Is this the worst government statistic ever created?

Ben Goldacre, The Guardian, 24 June 2011.

Every now and then, the government will push a report that’s so assinine, and so thin, you have to check it’s not a spoof. The Daily Mail was clear in its coverage: “Council incompetence ‘costs every household £452 a year’“; “Up to £10bn a year is wasted by clueless councils.” And the Express agreed. Where will this money come from? “Up to £10bn a year could be saved … if councils better analysed spending from their £50bn procurement budgets.”

A 20% saving on the £50bn council procurement budget would be awesome. And this is a proper story, from a press release on the Department for Communities and Local Government website: 20% of the £50bn procurement spend could be saved by seeking better value.

Government ministers have an army of intelligent, technical staff, with full access to every speck of data, ready to produce research. But these figures come from a “new, cutting-edge analysis of council spending data by procurement experts Opera Solutions”.

I downloaded the “Opera Solutions White Paper“. I recommend reading it yourself, to understand what a minister considers a substantive piece of research.

The “full report” is six pages long, not including the cover. The meat of it, the analysis, is presented in a single three-line table. Opera took the recently released local government spending data for three councils, and decided how much it reckoned could be saved by bulk purchasing.

It did its estimates on three areas: for energy bills (a £7m spend), and solicitors fees (£6m), it thought councils could save just 10%. The third category – mobile phone bills – were tiny in comparison (just £600,000) but here, and here alone, Opera reckons councils can save 20%, by getting people on better tariffs.

So, for mobile phones, an incompetently regulated sector well known for making money from deliberately confusing pricing schemes, where phone companies hope the trouble of checking your usage pattern will be more effort than it’s worth, Opera reckons councils can save 20%. No problem.

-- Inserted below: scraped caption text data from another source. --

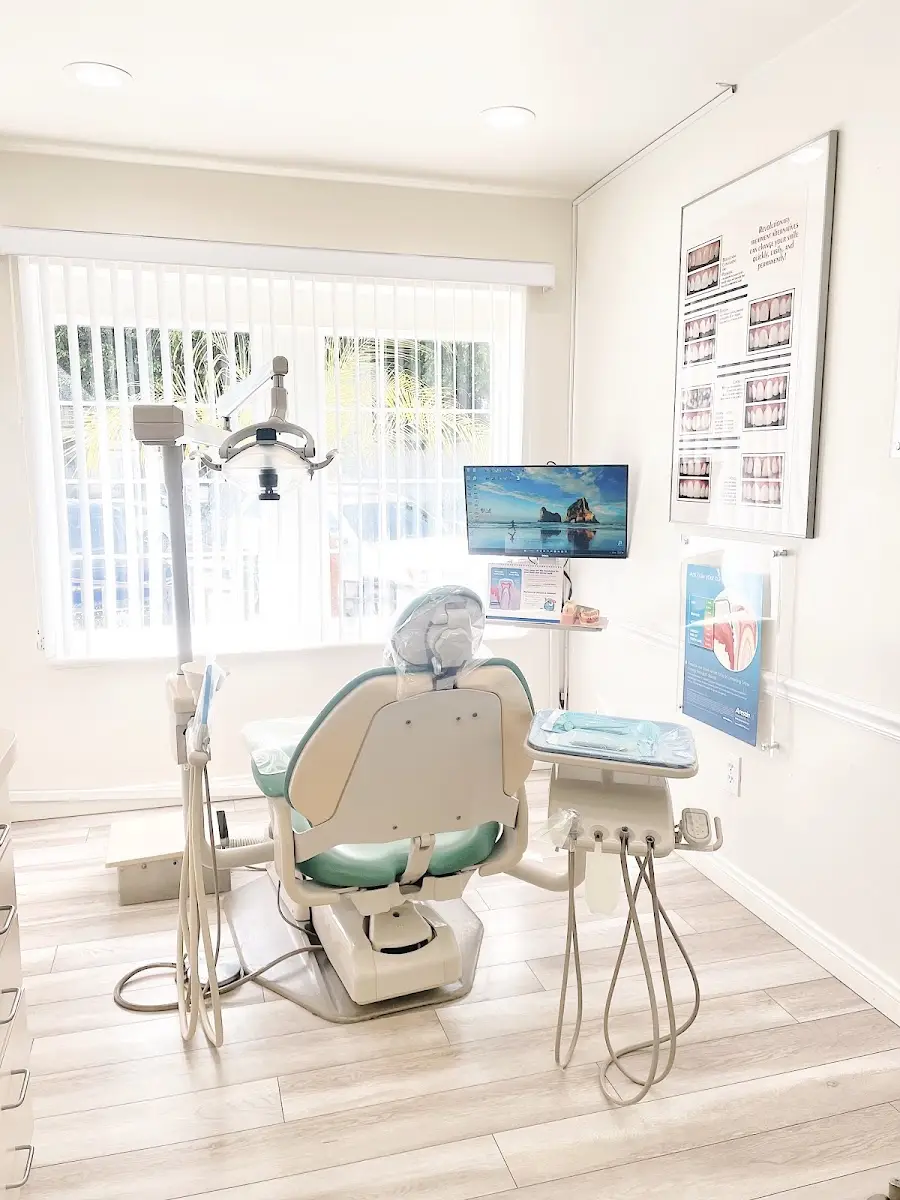 Chairside at Camille Adli, DDS, Long Beach, Long Beach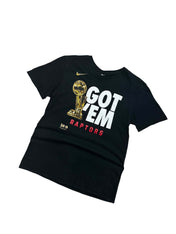 Nike Toronto Raptors 2019 Got' EM FINAL T-SHIRT (M)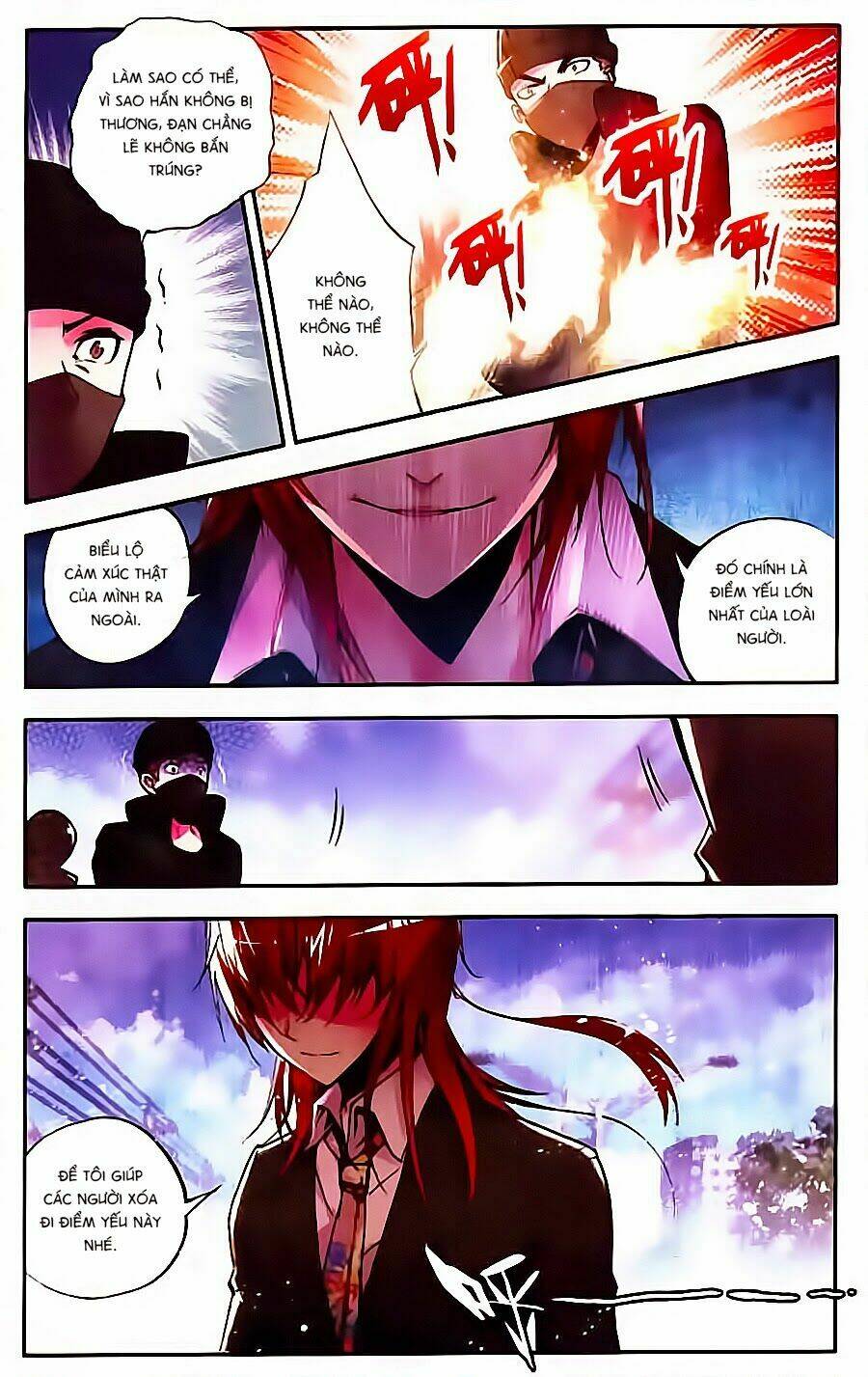 Cấp Độ Phân Liệt: Chapter 44
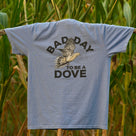 Bad Day To Be A Dove - Comfort Colors Pocket Tee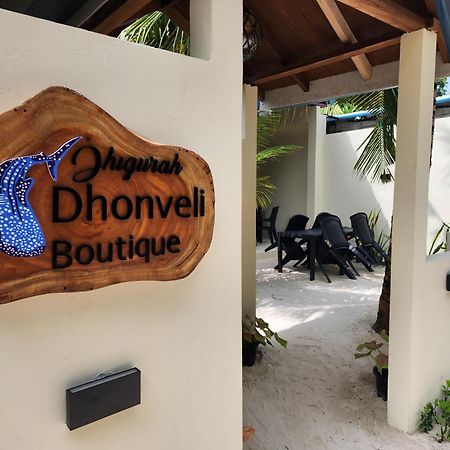 Dhigurah Dhonveli Boutique Hotel Exterior photo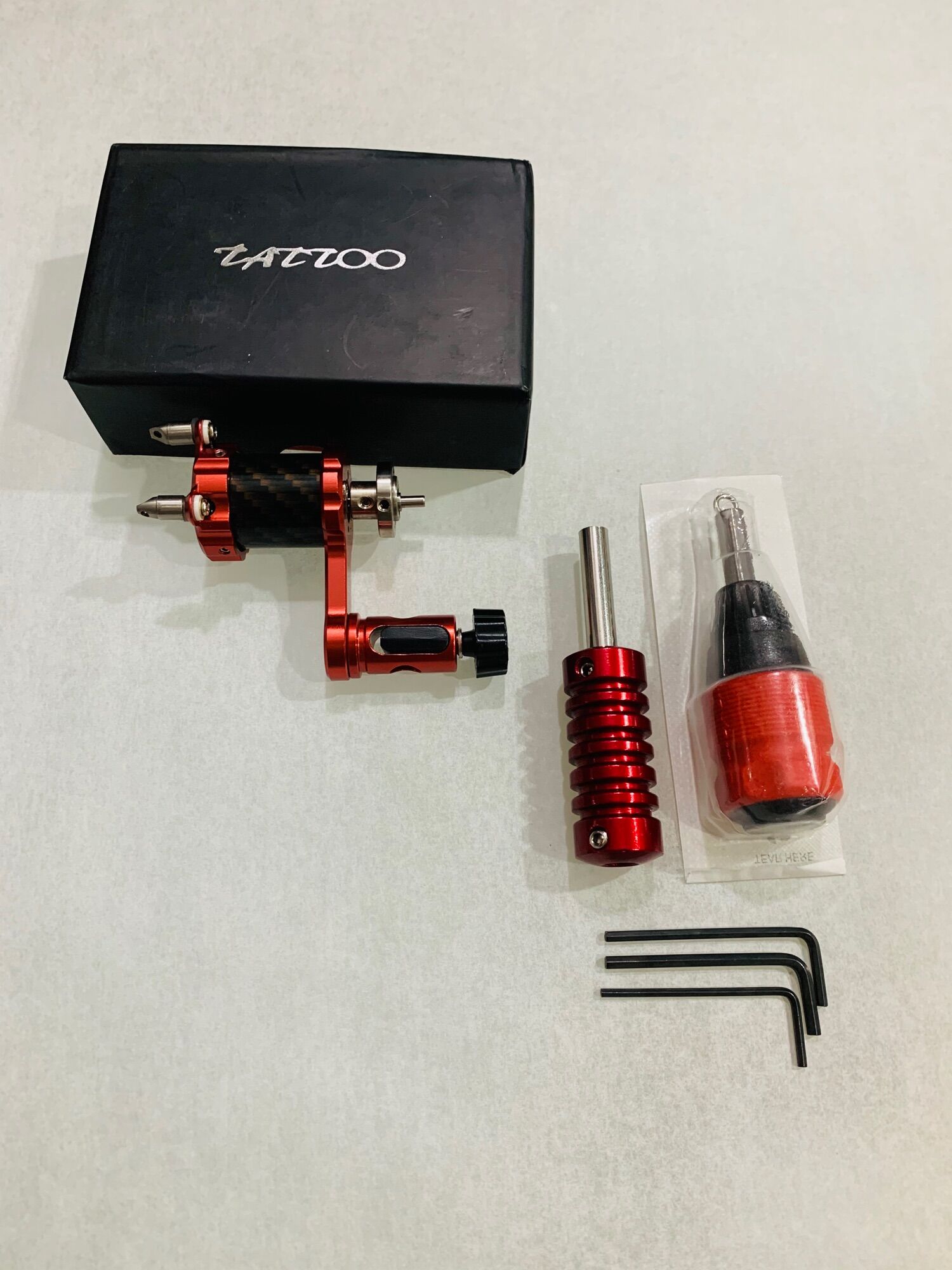 🎁 [ QUÀ TẶNG ] Máy xăm Rotary DragonV1🎁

Then, even though for £13m out of £13.6m of their spend calculations, Opera could only find 10% of savings, it cheerfully applies this magic 20% from the tiny mobile phone spend to the entire local government procurement budget of £50bn, magicking up £10bn of savings, £452 a year for every one of us.

And even before that astonishing, shameless bait and switch, these figures are all presented out of nowhere. There is no working at all for any single saving, no description of how 10% or even 20% was calculated: just that three-line table telling you how much Opera Solutions reckons councils can save. There’s also no justification for choosing energy, solicitors, and mobile phone bills, out of all the things councils spend on. Were these where Opera thought they could get the biggest savings? Who knows.

The document is six pages long. We’ve covered one. What’s in the rest? All that follows is a four-page glossy brochure advert for Opera Solutions management consultancy services in local government. “Opera Solutions has successfully completed procurement optimisation projects for hundreds of organisations around the world.” “Opera partners with clients to work as a catalyst.” “Opera addresses these issues through Insight CubeTM technology, which creates deep visibility into spending information.”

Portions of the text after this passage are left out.